Don't know anything about the Computrac, but I sure am digging all the O-gauge track in that top set. Very cool.


----------



## slotcarman12078 (Oct 3, 2008)

It looks like a wiring nightmare to me. From what I can assume looking at the diagram, the computer is basically a dual steering wheel type controller, and by the magic of insulators in the special track sections the curves receive a lower voltage than the straights. I would also assume the computer driven car is dedicated to one lane, as is the one you would drive. You probably swap the tracks around to swap lanes, but rewiring it every time you want to swap lanes with the computer would be a pain. If you look close at the track sections in the link you can see where one rail is split for the computer driven one.


----------



## Bill Hall (Jan 6, 2007)

*Playing by yourself*

Naw Joe,

It's just an advanced (for the time) version of the ghost/pace car, but you could whip one out with some steering wheel controlers and an additional feeder track where ever you want a control block.
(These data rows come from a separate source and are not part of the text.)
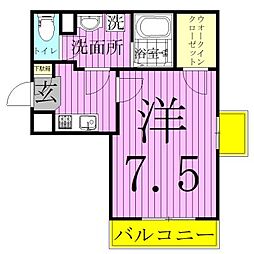 エスポワール馬橋 4階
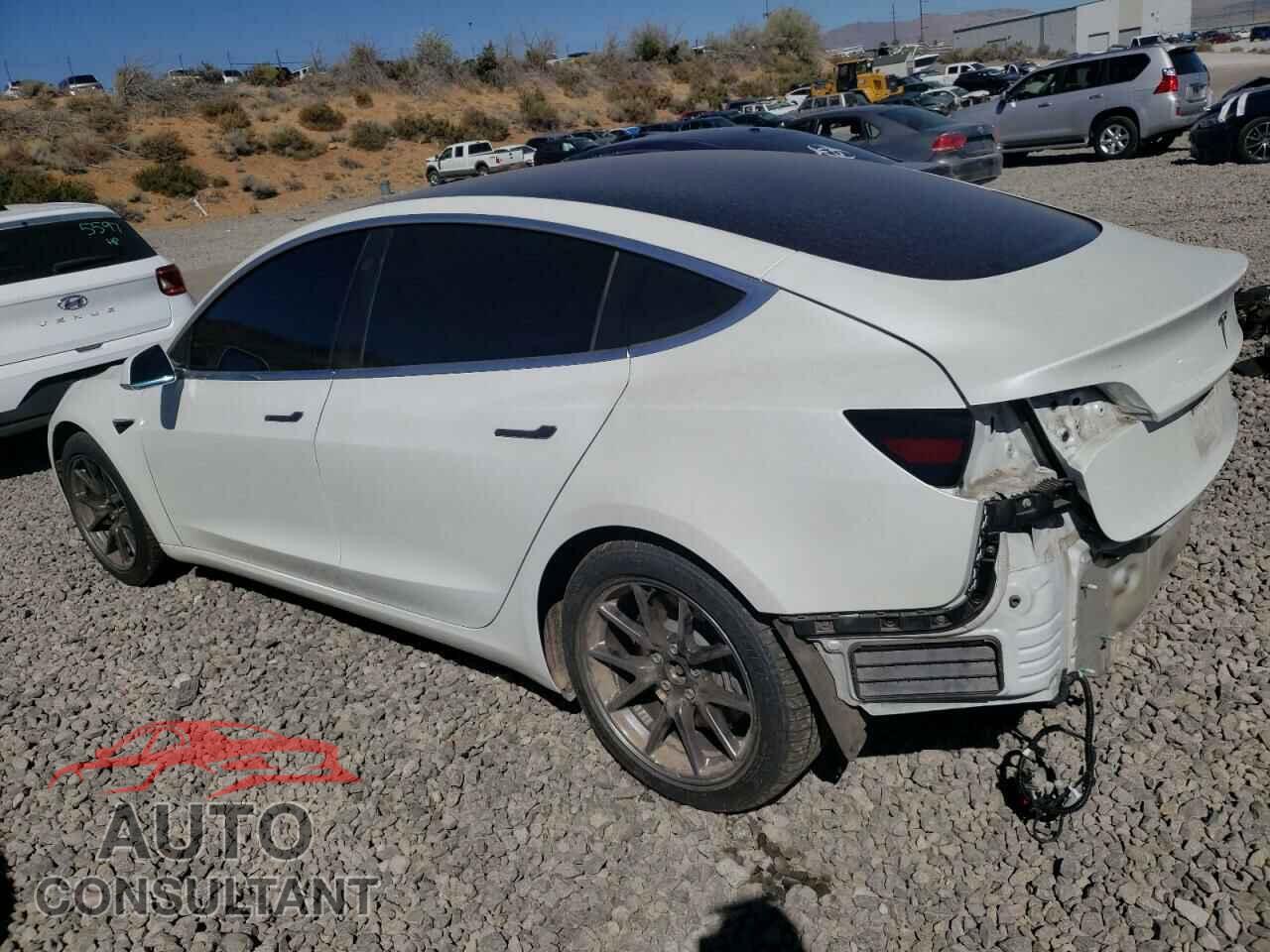 TESLA MODEL 3 2019 - 5YJ3E1EA6KF326685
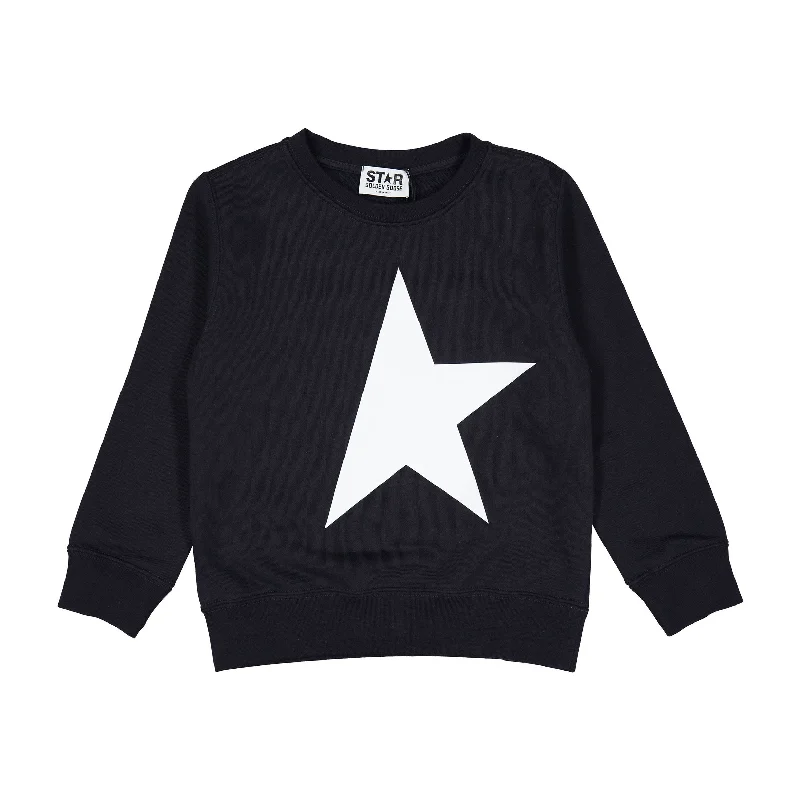  -Splash-proof food bowl AND Anti-choking slow food bowlGolden Goose Dark Blue Star Sweatshirt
Just slip a card board insulator between the rail tangs on either end of the block and wire in the wheel controller.

It looks harder than it is. Hardcore model railroaders will recognize this as a pre-digital "block system". One can use seperate variable transformers to set the pace within the insulated control block; OR as Aurora did here, one transformer and two reostats. The added trick is that the whole shebang can be shunted from lane 1 to lane 2 with manual a change-over switch.
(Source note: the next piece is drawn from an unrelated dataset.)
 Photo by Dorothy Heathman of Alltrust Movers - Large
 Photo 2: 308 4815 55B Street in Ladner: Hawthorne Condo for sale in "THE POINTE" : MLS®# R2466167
Ideally a good/realistic blocksystem uses 3 or 4 reostat settings to keep things from being too jerky. Naturally they cant hold a candle to modern digitized encoding with soft start, braking, and grade programs.

Prior to digitized coding of locomotives, Marklin trains used directional paddle switches in the track roadbed, isolated slit switches in the ground rail (made possible because it was three rail) and differential switching using specificly placed reed switches and a given trigger magnet location; in order to activate change over solenoids to keep control blocks syncronized or shunt equipment automatically.


----------



## Slott V (Feb 3, 2005)

Veddy intaresteeng


----------



## ParkRNDL (Mar 20, 2002)

Slott V said:


> Veddy intaresteeng


hahahahahaha. when i was a kid, the only show my dad liked more than Hogan's Heroes was M*A*S*H. jeez that brings back some memories...


----------



## Crimnick (May 28, 2006)

heh...it's from "laugh in"...


----------



## ParkRNDL (Mar 20, 2002)

Is it? oooops. thought that looked like Hogan's Heroes. shows how much I actually watched them...

--rick


----------



## videojimmy (Jan 12, 2006)

Laugh In STILL holds up today. They have some DVD's on Netrflix.
Highly recommended.


----------